During the six weeks following the September 11 attacks I think I slept two nights. I could not rid myself of the images of the people who held hands and leapt to their deaths to avoid burning in the flames. Or of the firemen and police officers who went up the stairwells of both buildings, knowing in all probability they would be crushed to death or buried alive. How loving and how brave do human beings get? The answer, I think, is in the images of those desperate souls who held hands in their last moments and those courageous men who plunged upward into darkness and flame in order to save lives at the cost of their own.

Before his death, Adlai Stevenson made a statement about the level of humanity that characterized the foreign policy of the United States immediately after World War II. We were the only nation on earth that possessed atomic bombs. We could have turned the planet into a slave camp of watchtowers and concertina wire if we had chosen. Instead, through the Marshall Plan, we rebuilt the countries of our enemies. As Stevenson pointed out, no nation on earth ever acted with as much humanity.

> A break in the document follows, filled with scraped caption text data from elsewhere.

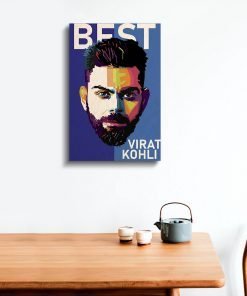 Virat Kohli print_3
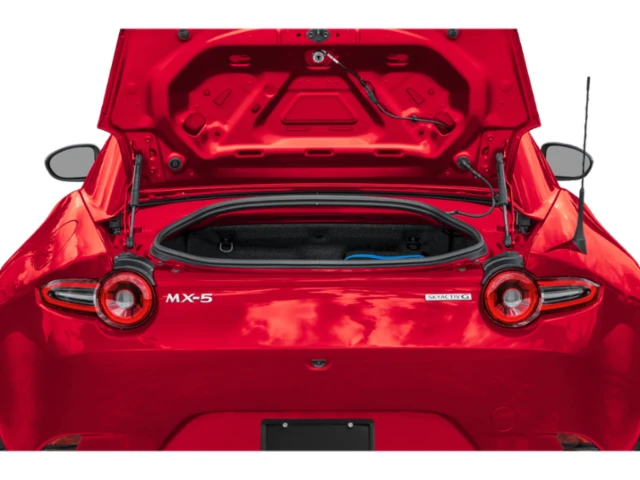 2026 Mazda ND MX-5 Miata - Image 8 of 12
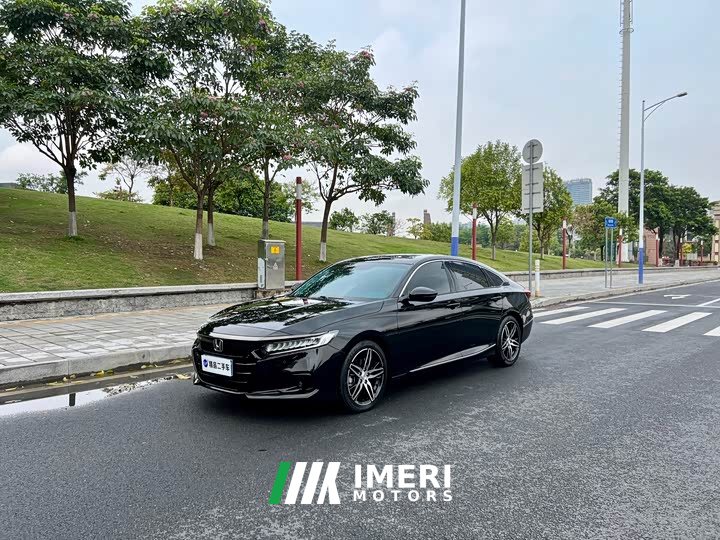 Honda Accord 2022 260TURBO Magic Night Premium Edition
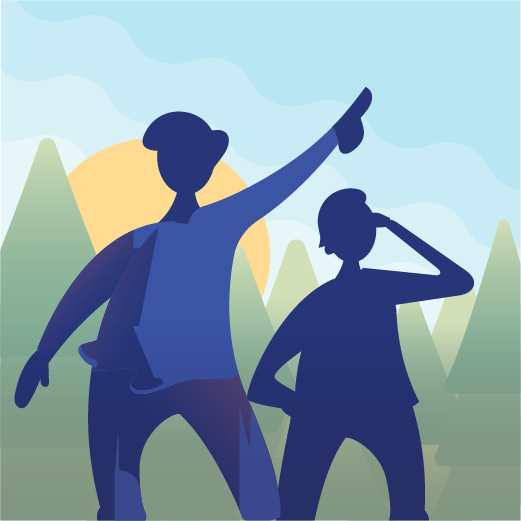 G Adventures local guides icon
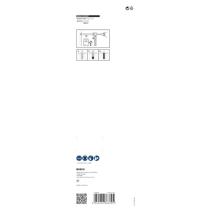 Bosch 2608901807 - SDS CLEAN MAX-8X SET 30 X 400 X 650 MM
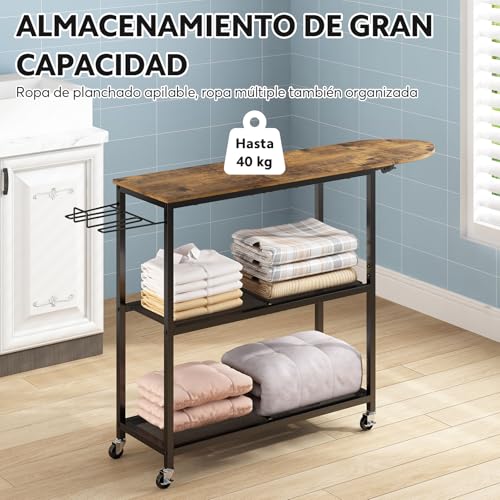 Lista de Burro de planchar los 10 mejores. 14 burro de planchar marca GILLAS (2)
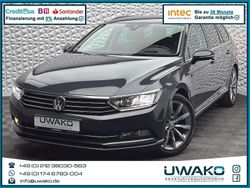 Uranograu Gebraucht 2019 VW Passat Highline Kombi | 19.999 € (Fairer Preis)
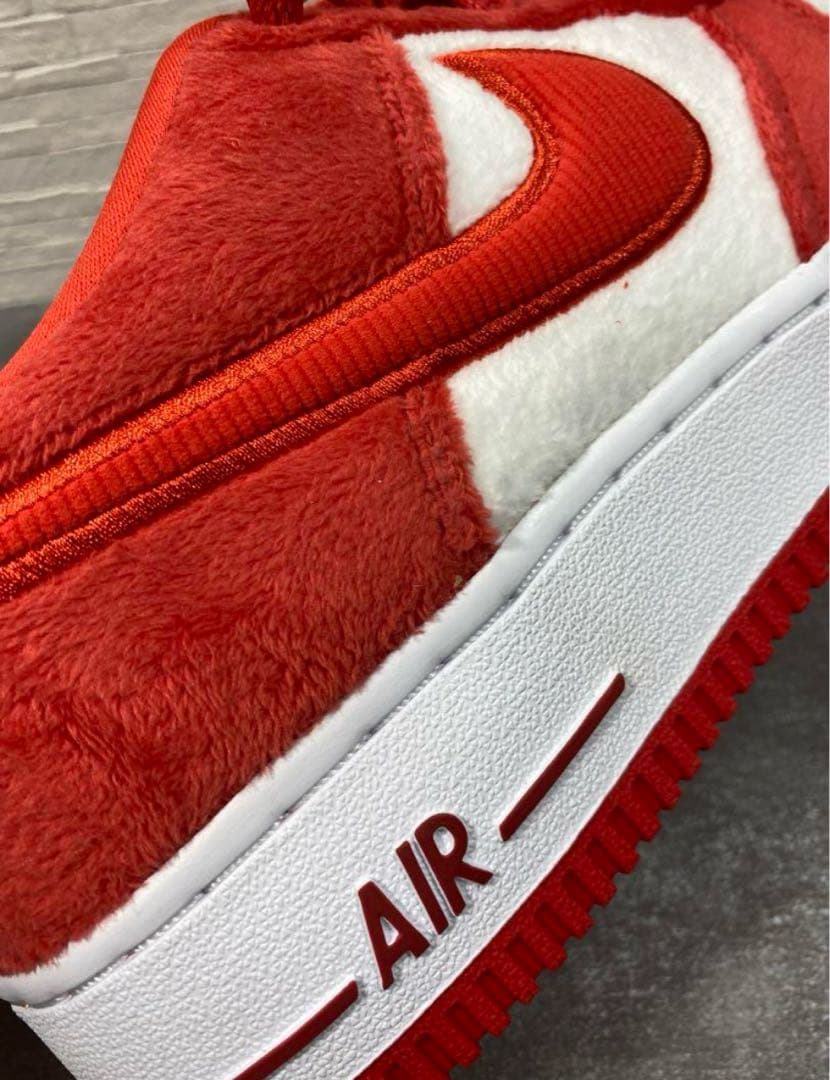 25cm NIKE AIR FORCE 1 （GS）バレンタイン ウィメンズ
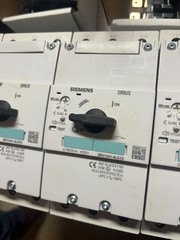 Siemens 3RV1041-4LA10 SIRIUS Motor Protection Circuit Breaker 80A 690V New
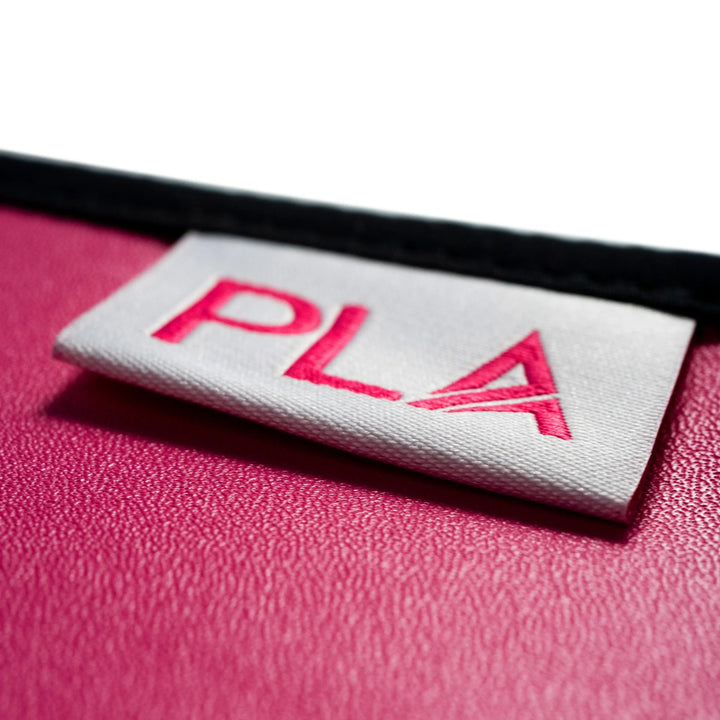 PLA Wax Mat (close up view of the tag on the mat)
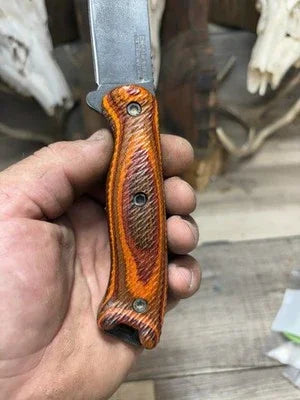 KA-BAR Becker BK15, BK16, BK17, BK18 Handles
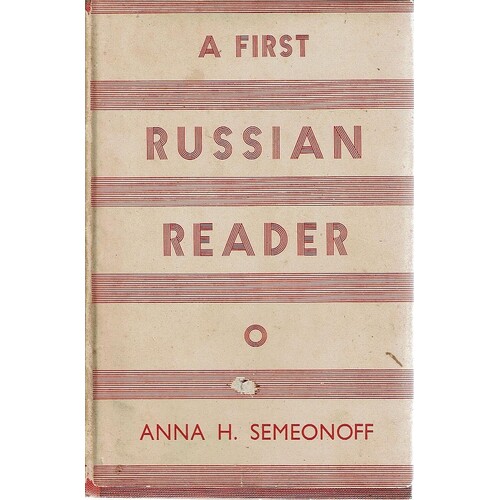 A First Russian Reader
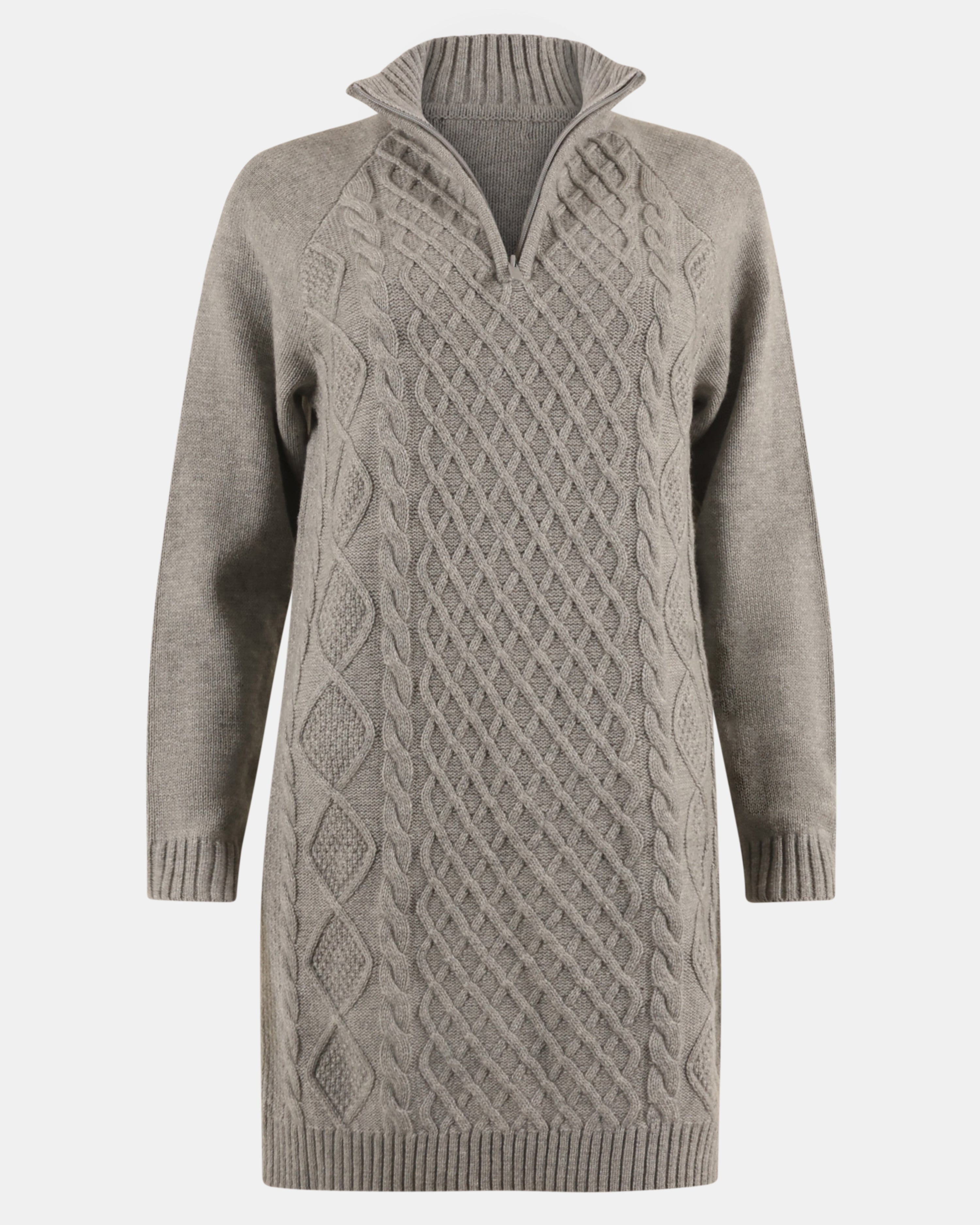 ASH DRESS GREY - Clothing - Steve Madden Canada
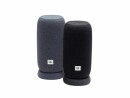 JBL Smartspeaker Link Portable Grey, Stromversorgung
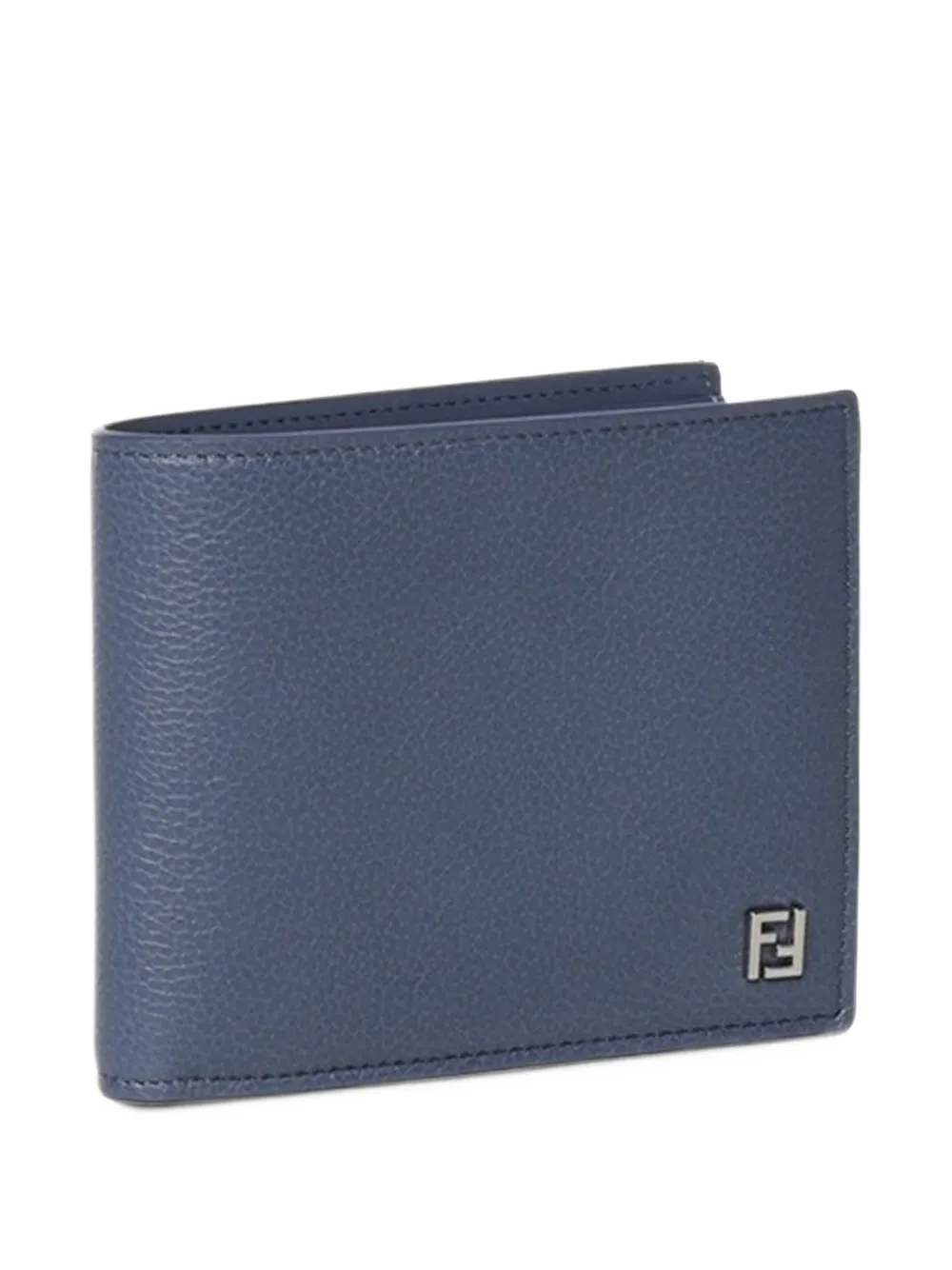 FENDI FF wallet Blauw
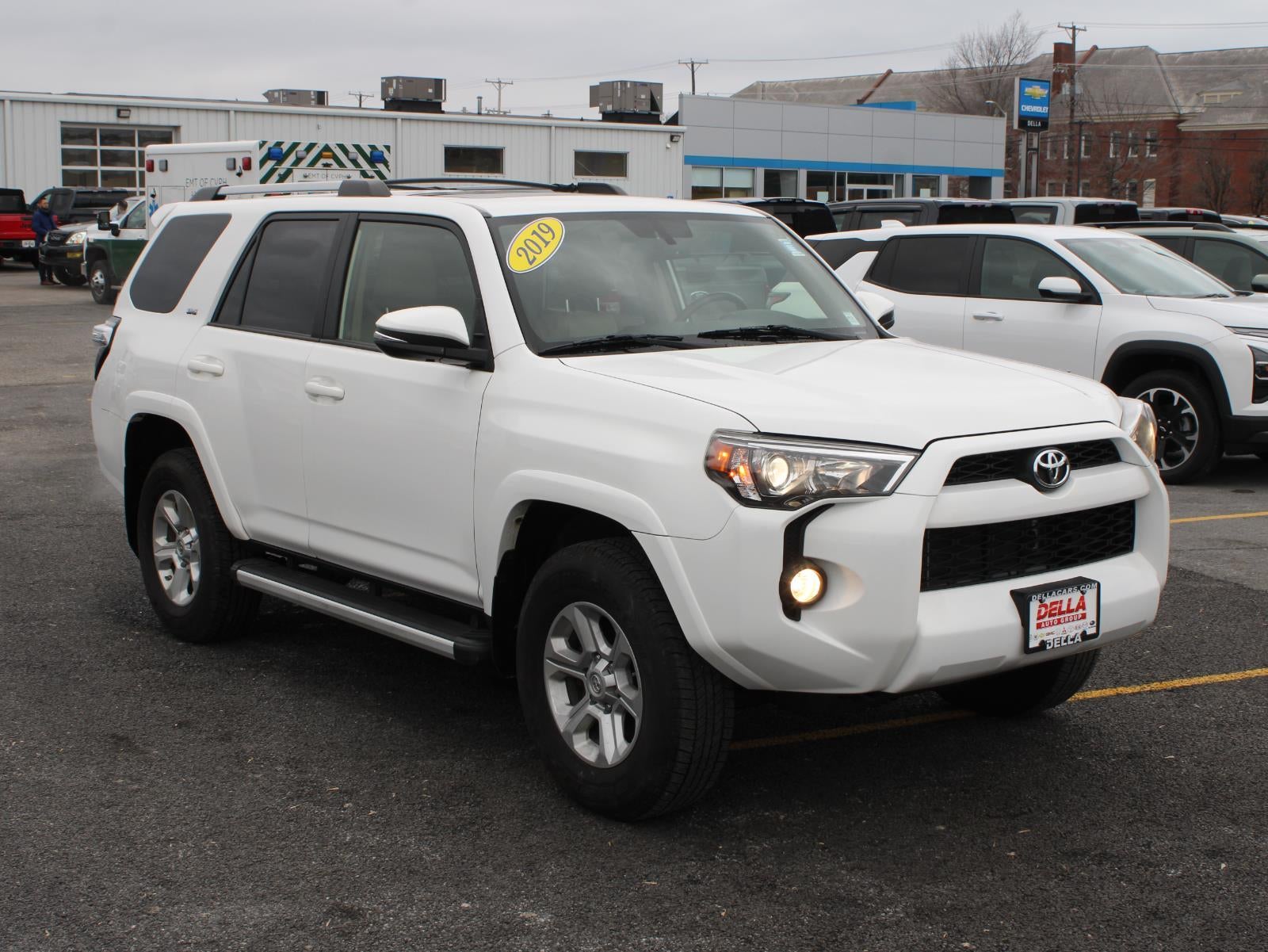 2019 Toyota 4Runner SR5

But today, as I fly-fish the almost mythic Blackfoot River of western Montana, I realize I am perhaps seeing the last of the wilderness areas that for most of us geographically define the historical United States. Extractive industries wait like a starving man at a banquet table, knife and fork at the ready, to rip into virgin lands. Every justification is offered: jobs, tax revenues and, most perversely, national defense and what has come to be known as the war on terrorism, which seems to have replaced the old slogan “the war on communism.”

I believe every individual has a special place in his or her heart that he or she creates out of the aggregate of that individual’s experience. I liken it to a stained-glass cathedral visited by the people who are emblematic of our lives, the virtues and qualities we hold dear, even the weaknesses and the frailty of moral vision that give us our humanity. The special place where I live is full of Americans who to me are heroic: Dorothy Day, the Maryknolls who were martyred in El Salvador, Molly Brown, Joe Hill, Thomas Jefferson, Woody Guthrie, the women and children who died in the Ludlow Massacre of 1914, Audie Murphy and Flannery O’Connor. And once again, the great irony is that the bravest people I’ve ever known are people who are so humble and nondescript you cannot remember what they look like ten minutes after they leave a room. But in the final say each of them is a descendant of Natty Bumppo.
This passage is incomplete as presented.